By Ajay Srivastava
Ajay Srivastava, founder of Global Trade Research Initiative, is an ex-Indian Trade Service officer with expertise in WTO and FTA negotiations.
August 20, 2025 at 1:59 PM IST
On August 19, China announced it would relax restrictions on exports of fertilizers, rare earths, and tunnel-boring machines to India, in what looked like a goodwill gesture ahead of Foreign Minister Wang Yi’s visit to New Delhi on August 21–22. The decision followed talks with External Affairs Minister S. Jaishankar in Beijing.
The optics are clear. After years of tightening export curbs, Beijing is offering a temporary reprieve. Since 2023, it has restricted gallium, germanium, and graphite—critical to India’s electronics, EV, and clean energy industries. In June this year, Chinese battery giant CATL even pulled engineers from Foxconn’s Chennai plant, halting production.
Beijing may ease the tap today, but recent experience has shown how quickly it can turn it off tomorrow.
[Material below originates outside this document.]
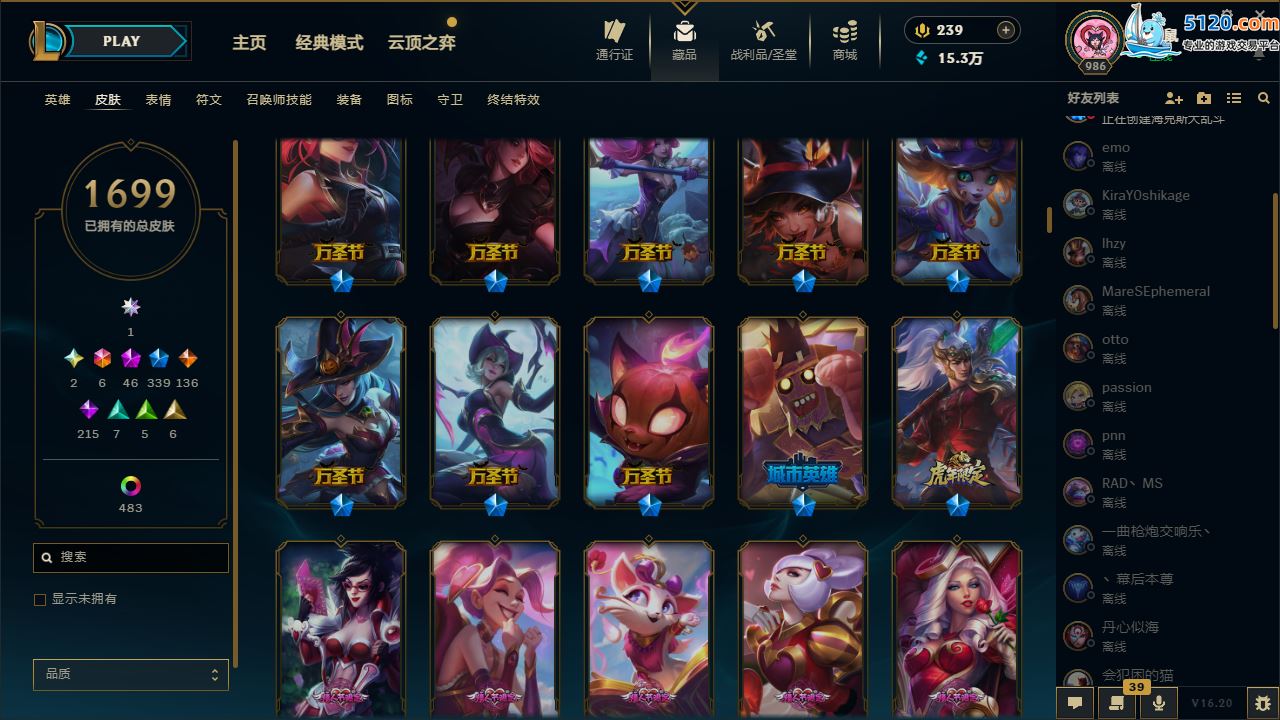 http://www.youxiduoduo.com/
The backdrop is India’s ballooning trade deficit with China, which hit a record $100 billion in FY2025. The imbalance is not just numerical—it is structural.
China now dominates India’s import basket across almost every category:
Even in basic, low-tech segments, dependence is overwhelming. Imports of viscose yarn, LED fittings, or safety glass are dominated by Chinese supply. Between 2014 and 2024, China’s hold only deepened, covering 57% of India’s telecom and electronics imports and nearly half of machinery and hardware.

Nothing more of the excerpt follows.